[Crawled caption data]

.....

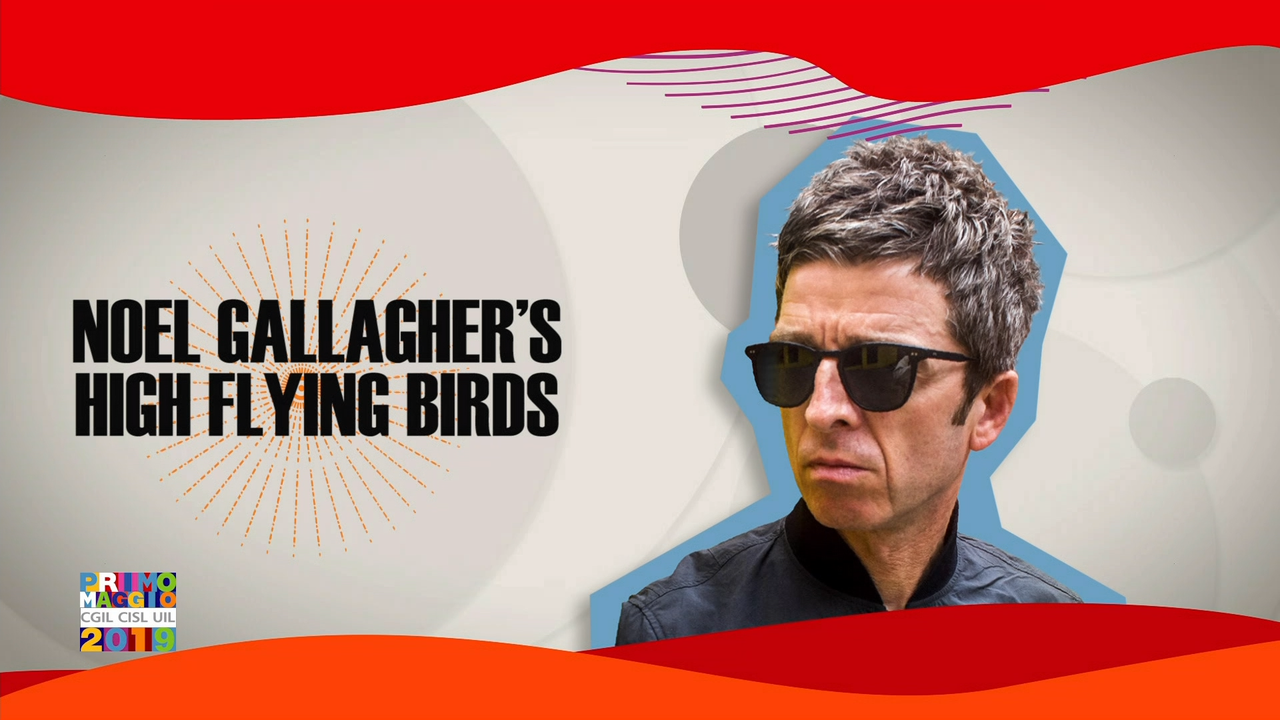 Noel Gallagher's High Flying Birds - Primo Maggio 2019,Roma,Piaz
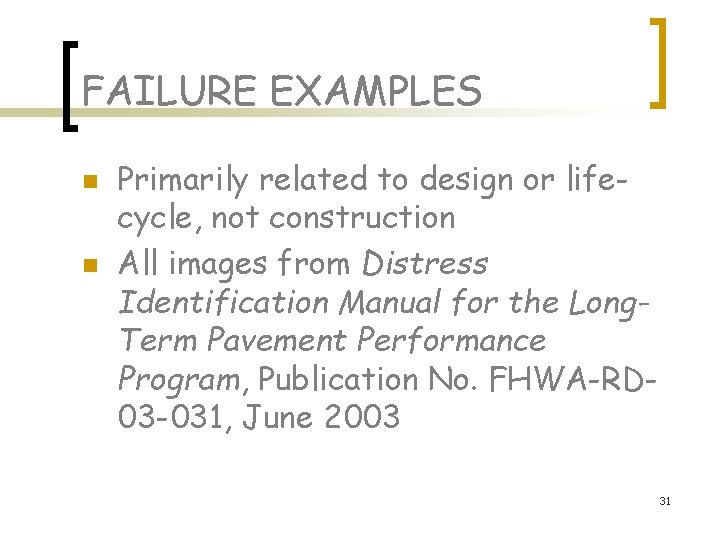 FAILURE EXAMPLES n n Primarily related to design or lifecycle, not construction All images FAILURE EXAMPLES n n Primarily related to design or lifecycle, not construction All images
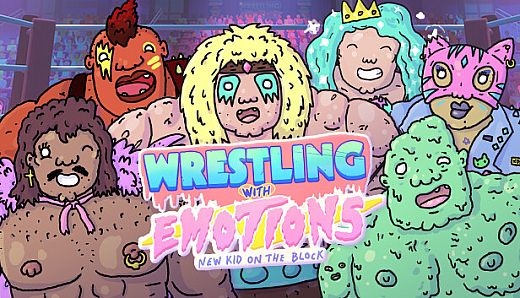 Wrestling With Emotions: New Kid on the Block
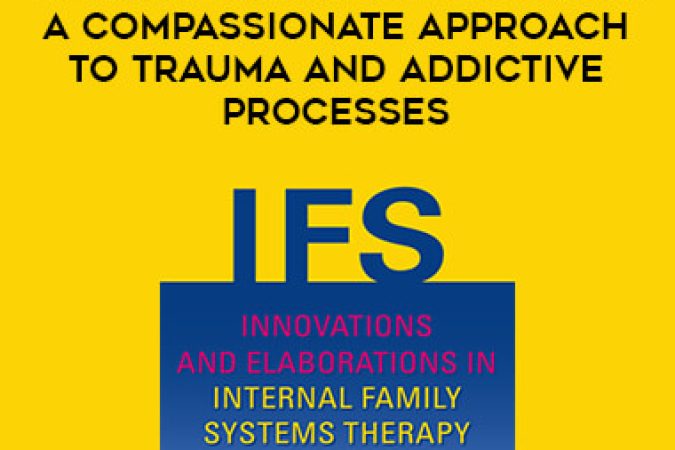 Internal Family Systems (IFS): A Compassionate Approach to Trauma and Addictive Processes onnline courses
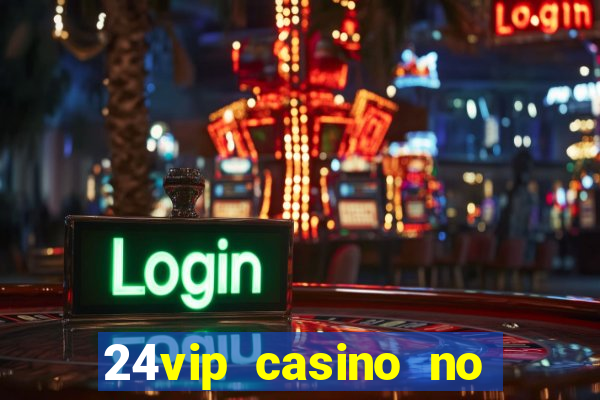 24vip casino no deposit bonus code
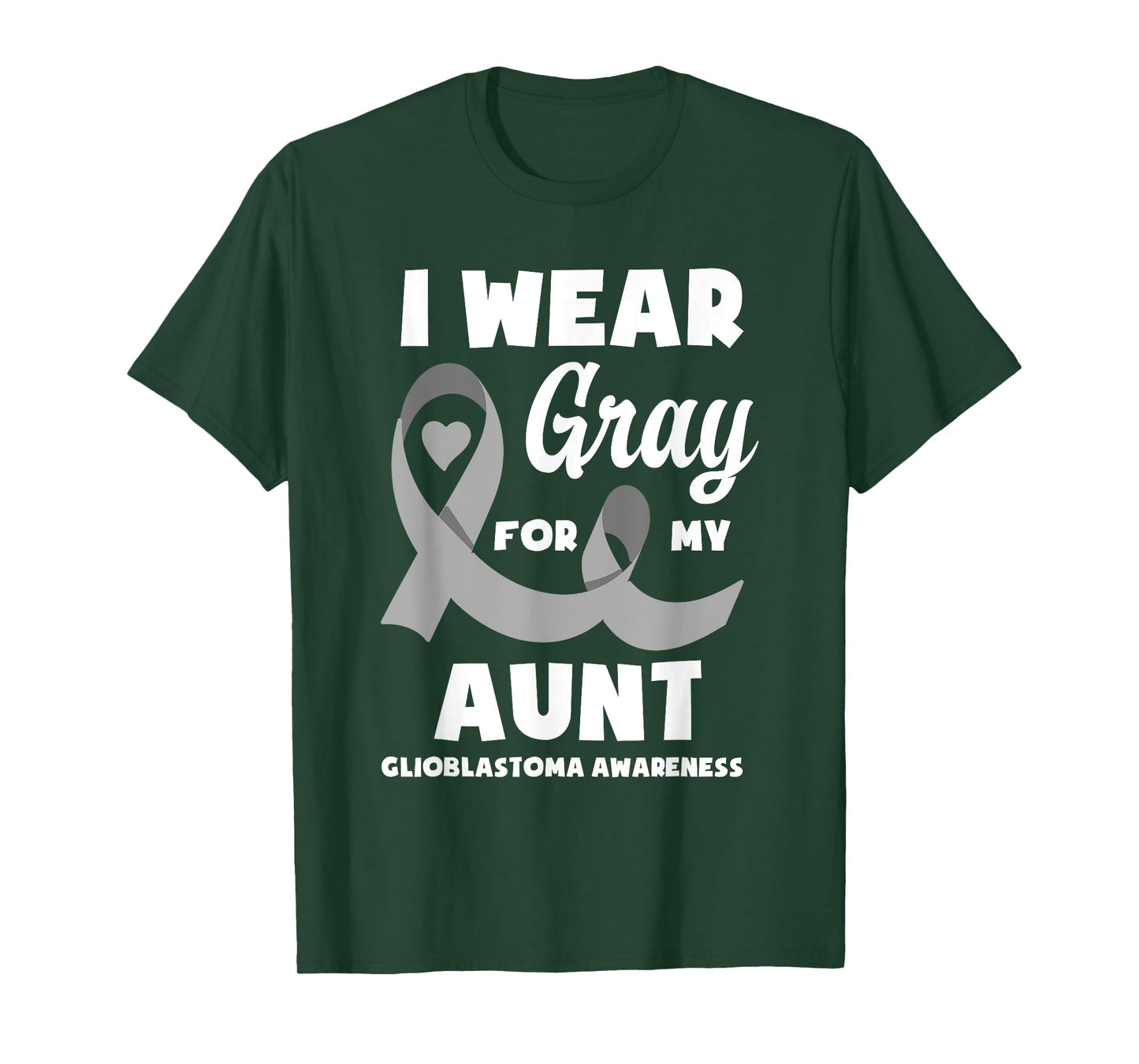 I Wear Gray For My Aunt Glioblastoma Awareness T-Shirt
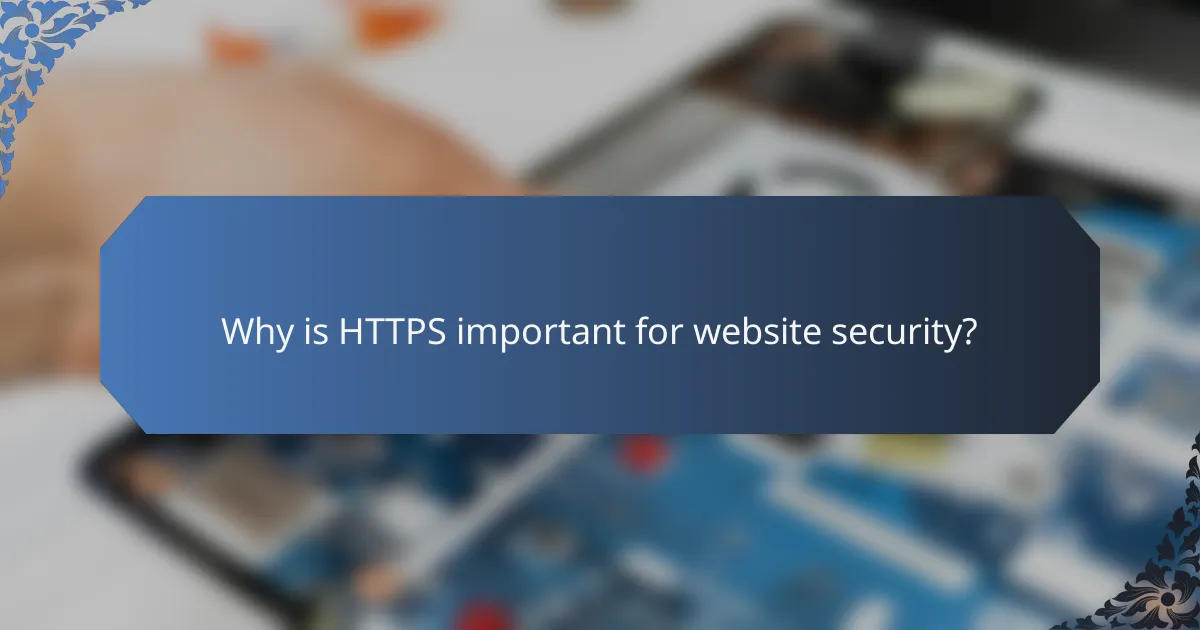 Why is HTTPS important for website security?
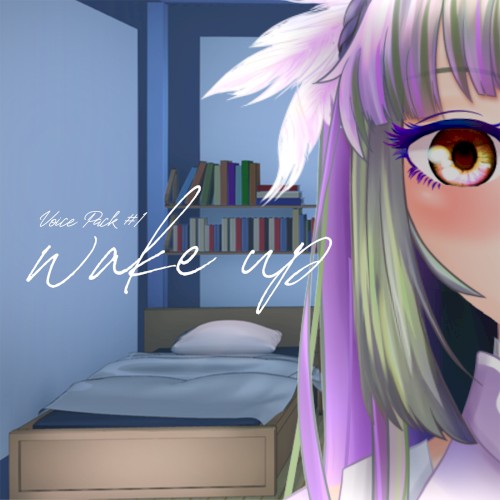 [Voice Pack #1] Wake Up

.....

WHAT IS EXPECTED:
Starting with the line that has "All images FAILURE" and going on through the line that has "I Wear Gray", transcribe the records above exactly, but skip the pictures.

SOLUTION TO THIS PROBLEM:
 FAILURE EXAMPLES n n Primarily related to design or lifecycle, not construction All images FAILURE EXAMPLES n n Primarily related to design or lifecycle, not construction All images
 Wrestling With Emotions: New Kid on the Block
 Internal Family Systems (IFS): A Compassionate Approach to Trauma and Addictive Processes onnline courses
 24vip casino no deposit bonus code
 I Wear Gray For My Aunt Glioblastoma Awareness T-Shirt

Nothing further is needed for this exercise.